Il y a quelques semaines, je sortais de mes sentiers battus musicaux pour vous parler de La vraie vie de Bigflo & Oli. Aujourd’hui, je retourne dans le monde du rap français pour vous parler de mon artiste préféré en la matière : Orelsan. Malgré un énorme coup de cœur pour son single La Terre est ronde en 2011, je ne me suis intéressé à sa discographie qu’au début de cette année et ça a été une véritable révélation pour moi. C’est même grâce à lui que je me suis ouvert au rap français, genre que je dénigrais facilement auparavant, et plus généralement à la musique française. Ses deux premiers albums solo, Perdu d’avance (2009) et Le chant des sirènes (2011), ainsi que ses deux albums avec Gringe pour les Casseurs Flowters, Orelsan et Gringe sont les Casseurs Flowters (2013) et Comment c’est loin (2015), tournent depuis des mois en boucle dans mes oreilles. Mais là n’est pas le sujet puisque l’album qui va être à l’honneur en ce jour est La fête est finie, son troisième album solo sorti le 20 octobre dernier. Son retour tant attendu est-il concluant ? Réponse tout de suite.

 

« ORELSAN PART. 3 »

C’est sur le sombre mais accrocheur San que l’album s’ouvre, un titre introspectif où le rappeur fait le point sur sa situation, sa vie personnelle, sa carrière et sa façon de penser. Il apparaît alors tout de suite que La fête est finie, qu’il qualifie de « dernier volet d’la saga », incarne la maturation du personnage.
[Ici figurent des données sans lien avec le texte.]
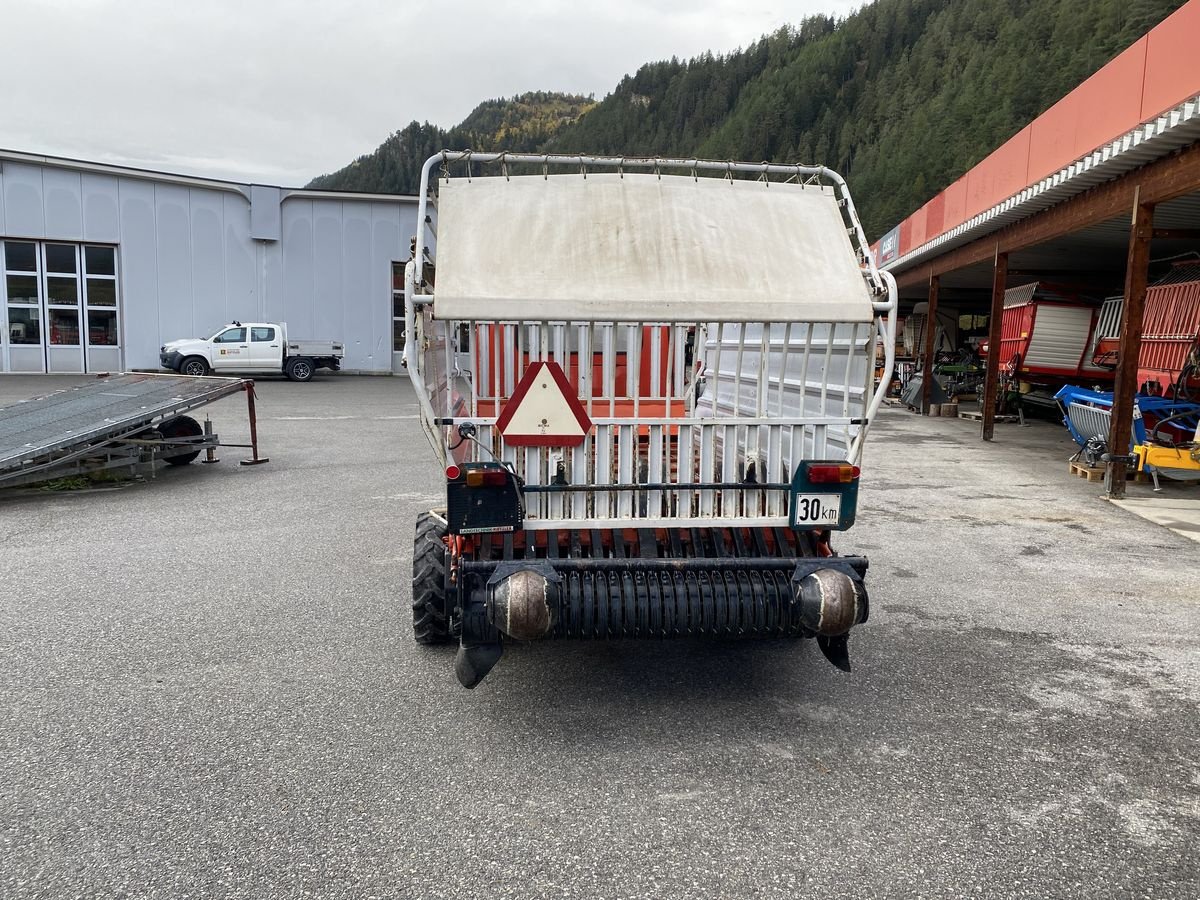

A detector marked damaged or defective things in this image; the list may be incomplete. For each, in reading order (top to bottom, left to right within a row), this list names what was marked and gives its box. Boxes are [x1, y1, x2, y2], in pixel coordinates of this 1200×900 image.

cracked asphalt surface [0, 374, 1195, 900]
Orelsan a changé et l’adolescent rebelle et immature de Perdu d’avance a laissé place à un homme toujours aussi cynique et désabusé mais plus mature. Le deuxième très bon morceau éponyme, La fête est finie, va ainsi dans ce sens : le « jeune cool » qui passait son temps à faire la fête et à s’amuser est devenu plus sérieux, à tel point qu’il apparaît désormais comme « l’oncle bizarre » qui cherche à « rester d’actualité ». C’est dans le morceau qui clôture ce troisième album que ce point atteint son paroxysme, la percutante Notes pour trop tard (feat. Ibeyi), chanson à la fois calme et mélancolique dans laquelle il nous invite tout comme lui à mettre notre vie en perspective et à nous interroger sur toutes les situations dans lesquelles on a pu se trouver. Avec son titre fondé sur un jeu de mot, il achève néanmoins l’expérience sur une note d’espoir en nous incitant à relativiser toutes les mauvaises choses auxquelles on a pu être confrontés.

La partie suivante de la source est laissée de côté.